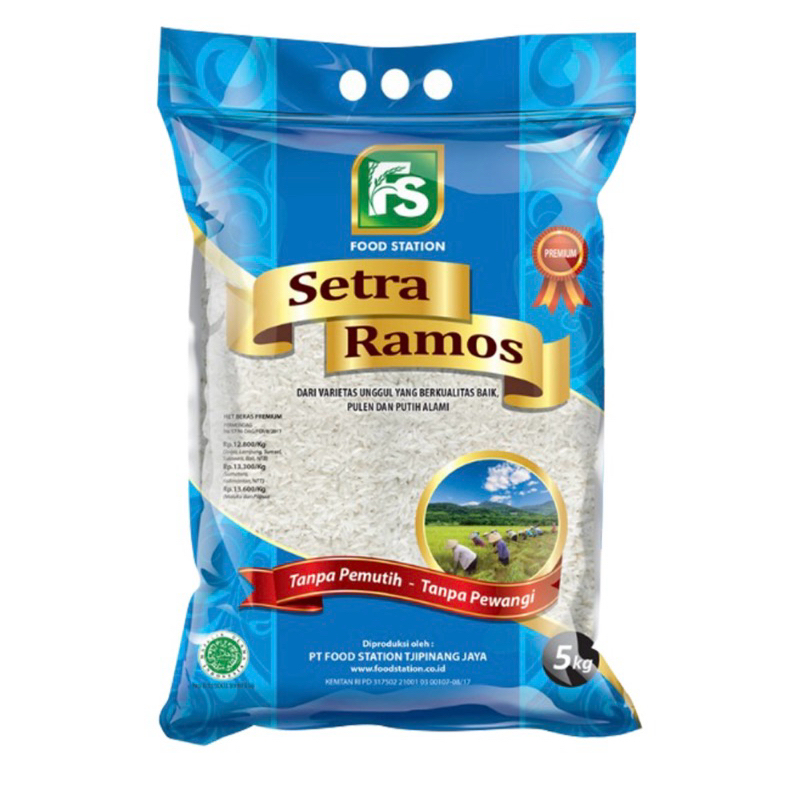 

Beras Sentra Ramos 5kg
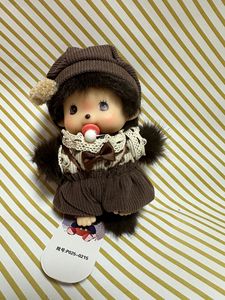 Bán Buôn 15Cm Sáng Tạo Mèo May Mắn Monkiki Đồ Chơi Sang Trọng Mặt Dây Chuyền Nhồi Bông Keychain Gấu Trúc Nhật Bản Monchis Mini Sang Trọng Móc Khóa - Product Image 2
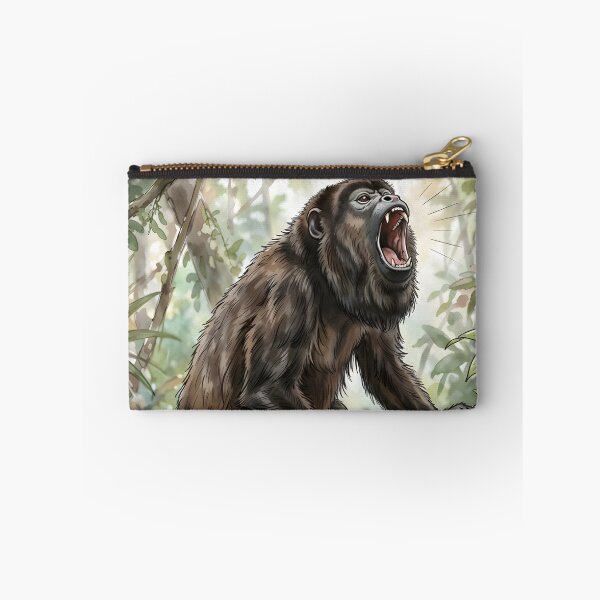 Item preview, Howler Monkey Alouatta Vocalization Arboreal designed and sold by RubisLeaf.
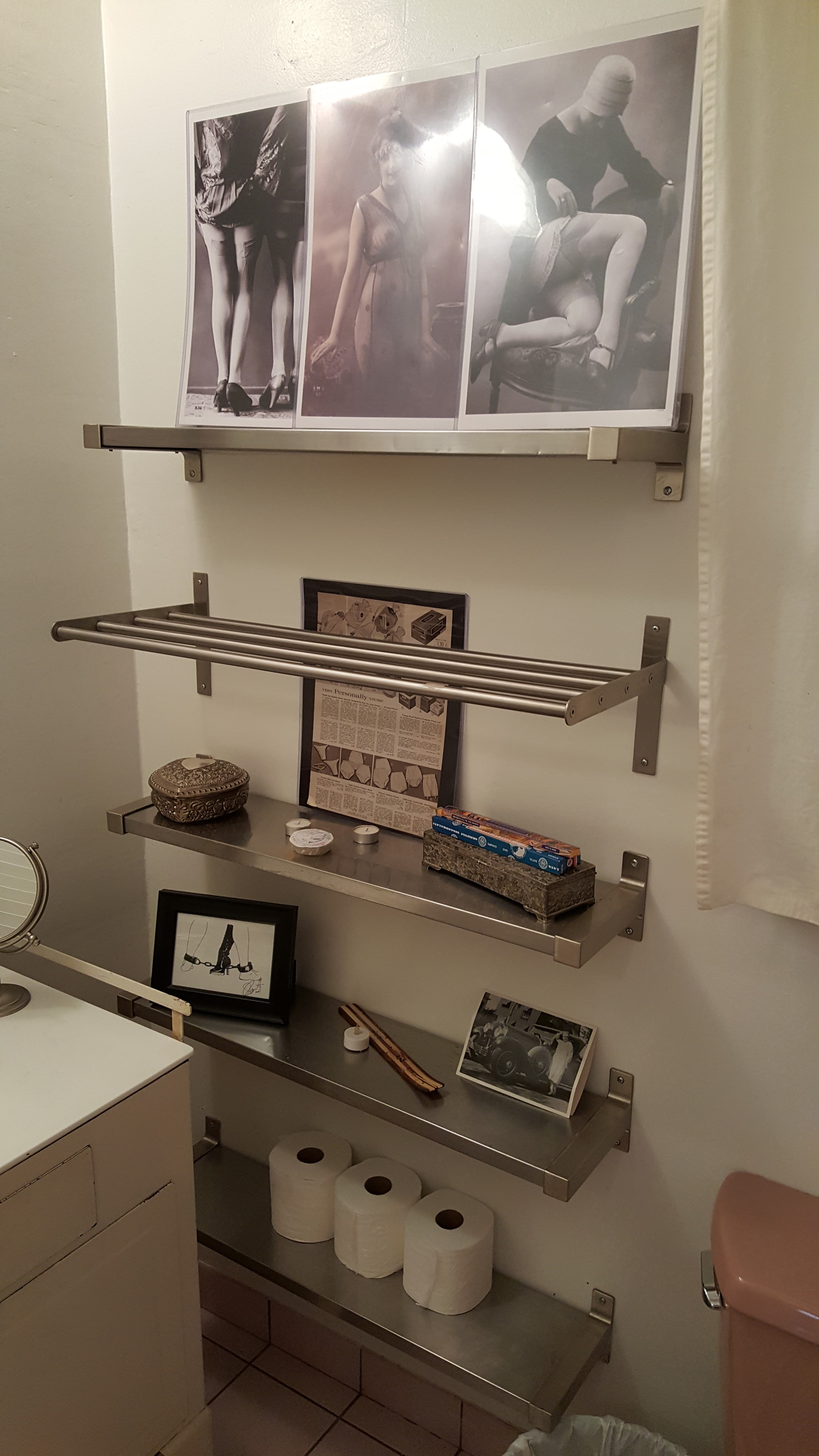 Back of Bathroom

_ _ _

* About this exercise:
All that is needed here is the run of lines from the one containing "Bán Buôn 15Cm" through the end of the material above, reproduced exactly and without pictures.

* Your solution:
 Bán Buôn 15Cm Sáng Tạo Mèo May Mắn Monkiki Đồ Chơi Sang Trọng Mặt Dây Chuyền Nhồi Bông Keychain Gấu Trúc Nhật Bản Monchis Mini Sang Trọng Móc Khóa - Product Image 2
 Item preview, Howler Monkey Alouatta Vocalization Arboreal designed and sold by RubisLeaf.
 Back of Bathroom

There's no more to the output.